Ebenso vehement widersprachen Bürger:innen: „Eine verantwortliche und qualitativ bewertende Aufgabenwahrnehmung seitens der Regionalversammlung wird dadurch verweigert.“ Eine Vertreterin der BI wies darauf hin, dass der Magistrat im Zusammenhang mit Görzhausen IV genau umgekehrt argumentiert habe, wonach die Regionalplanungsstelle des RP Gießen die aktive Kraft sei. So erodierte, an diesem Abend deutlich spürbar, das gegenseitige Hin- und Herschieben von Verantwortung einmal mehr das Vertrauen in die politischen Handlungsakteure. Das Unverständnis der Bürger:innen wurde nicht geringer nach dem Hinweis des Moderators auf das presseöffentlich ausgetragene Gegeneinander-Ausspielen von Moischter Gewerbeflächen und ‚Dagobertshausen‘/ ‘Görzhausen IV‘ ohne sachlogisch einleuchtende Begründung durch die politisch Verantwortlichen.
„Marburg hat ein ausgeprägtes Soziales Angebot, das finanziert werden muss. Es gehen u.a.12% der Kapitalertragssteuer in die kommunale Kasse“, versuchte Werner Waßmuth das Planvorhaben zu begründen. Auch bestünde die Gefahr, dass die weltweit agierenden Konzerne weggehen könnten. Inwieweit solche Konzerne sich eher aus Gründen wie dem künftigen wirtschaftlichen Protektionismus der USA als unzuverlässige Größe erweisen könnten, wurde von der BI zu denken gegeben.

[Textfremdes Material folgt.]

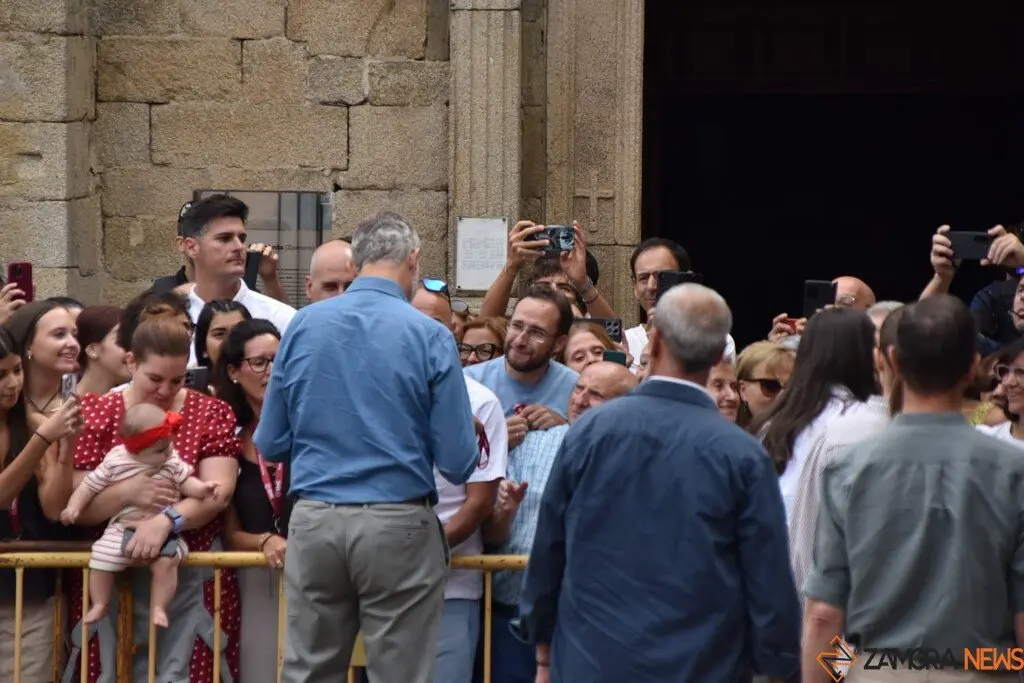 Reyes visitan San Martín de Castañeda_5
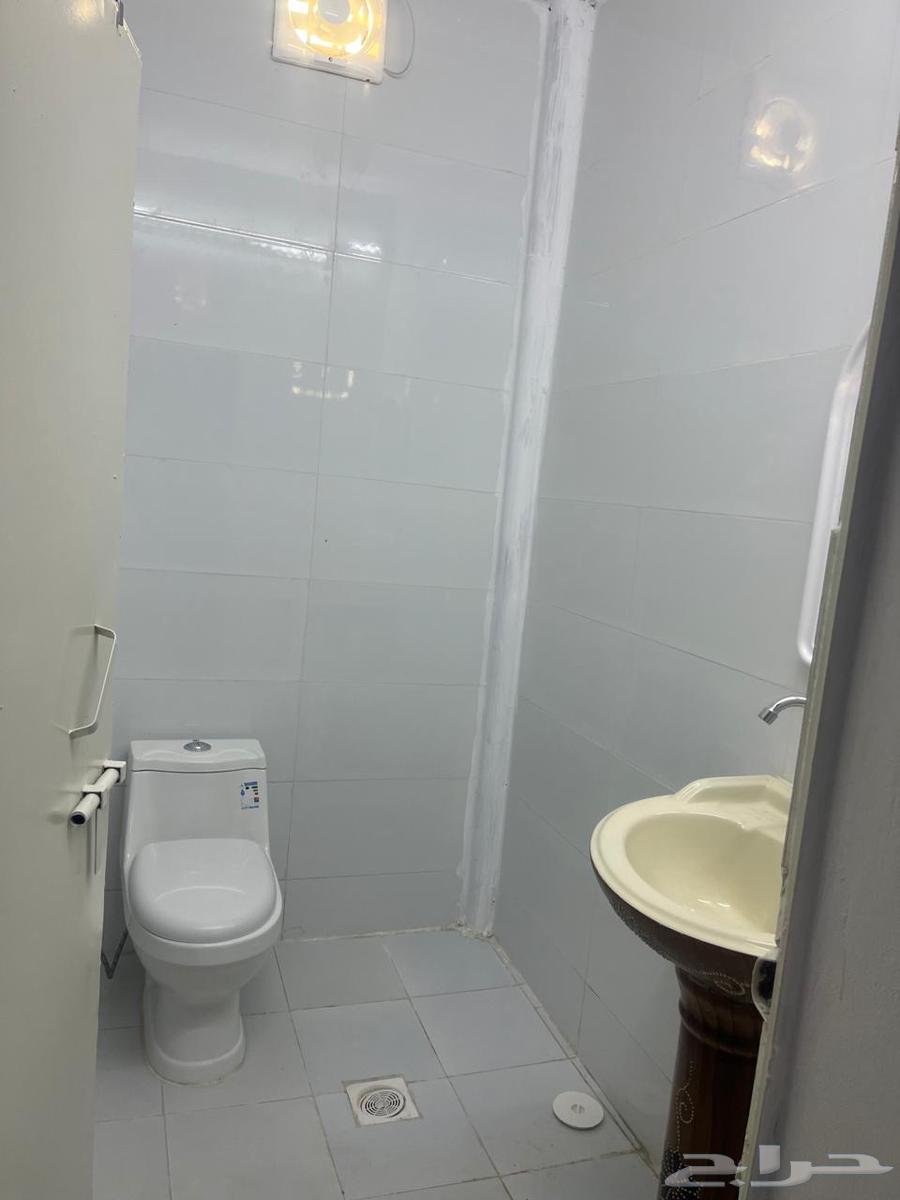 7 bedroom apartment in Al Aziziyah 17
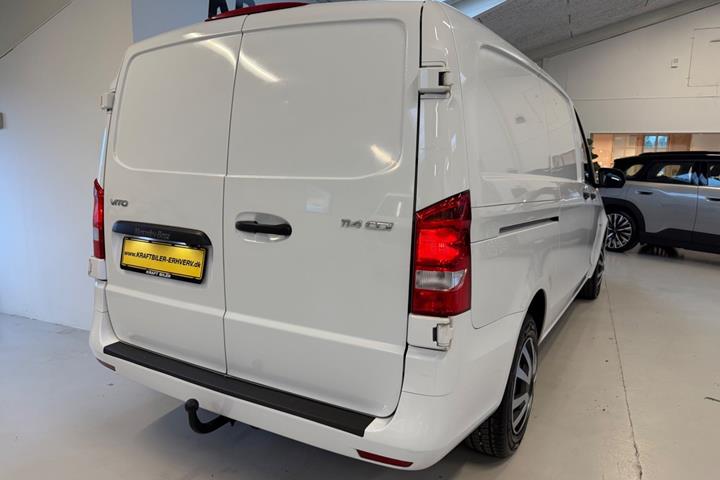 Hvid Mercedes Vito 114 fra 2021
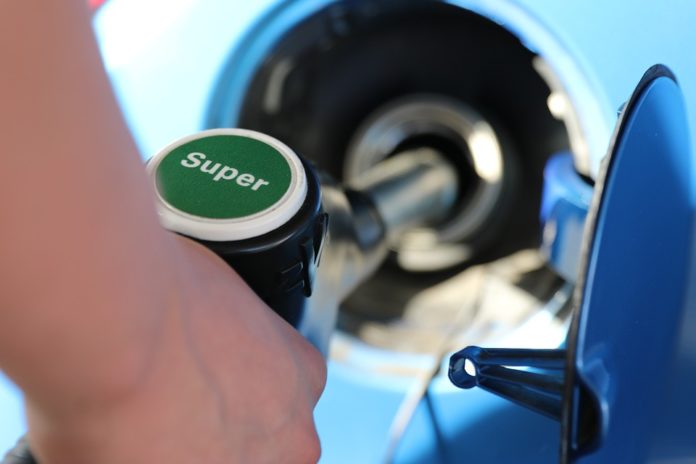 Fare il pieno di benzina, gestori rete carburanti alterano i prezzi?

Dr. Archinal führte aus: „Wir sind Klimaleugner, wenn wir weiter so machen wie bisher; das betrifft auch Regionalplaner. Wir handeln fortwährend in unserem Wirtschaften gegen die Naturgesetze. Ein Grund dafür sei auch unsere unsachgemäße Vorstellung von Böden. Diese umfassten nicht nur eine Erdoberfläche mit Bewuchs, Bewaldung oder Tieren darauf. Vielmehr verberge jeder Quadratmeter ein Hundertfältiges der an der Oberfläche sichtbaren Lebewesen und Nährstoffe. Diese seien in keiner Weise „umzusiedeln“, um den Weg für neues Bauen schnell frei zu machen.
Bürgermeister Laukel erklärte zu den infrastrukturellen Erfordernissen im Lahntal, durch welches auf der B 62 nach Abschluss der Errichtung von Görzhausen III voraussichtlich fast 10.000 statt heute 6.700 PKW/Tag fahren werden: Zusammen mit der Stadt Marburg würde man an Lösungen des Verkehrsproblems (vor allem durch eine neue zirkuläre Stadtbusführung) arbeiten. Zu den B-Plänen von Görzhausen gäbe es seitens des Lahntals kritische Stellungnahmen hinsichtlich Verkehr, Licht und Luftströmungen. Ein Parkhaus in Sterzhausen nach dem Park & Ride- Modell werde dort abgelehnt. Hinsichtlich einer neuen Fahrradwegverbindung von Marburg bis zum Standort Görzhausen-Standort werde auch eine „Nordumfahrung“ von Wehrda um den Weißem Stein bis nach Görzhausen erwogen.
Viele offene Fragen
Durch das sachkundige Publikum wurden weitere ungelöste Fragen aufgeworfen. Seitens der im Laufe des Abends anwesenden Vertreter der Regionalversammlung kam überraschend häufig der Verweis auf die eigene Nichtzuständigkeit. Die gegebenen Antworten blieben oft strittig. So blieb am Ende neben einem herzlichen Dank an alle Beteiligten der einhellige Appell an die Verantwortlichen der Regionalversammlung, einer Erweiterung der Gewerbeflächen um Görzhausen IV nicht zuzustimmen.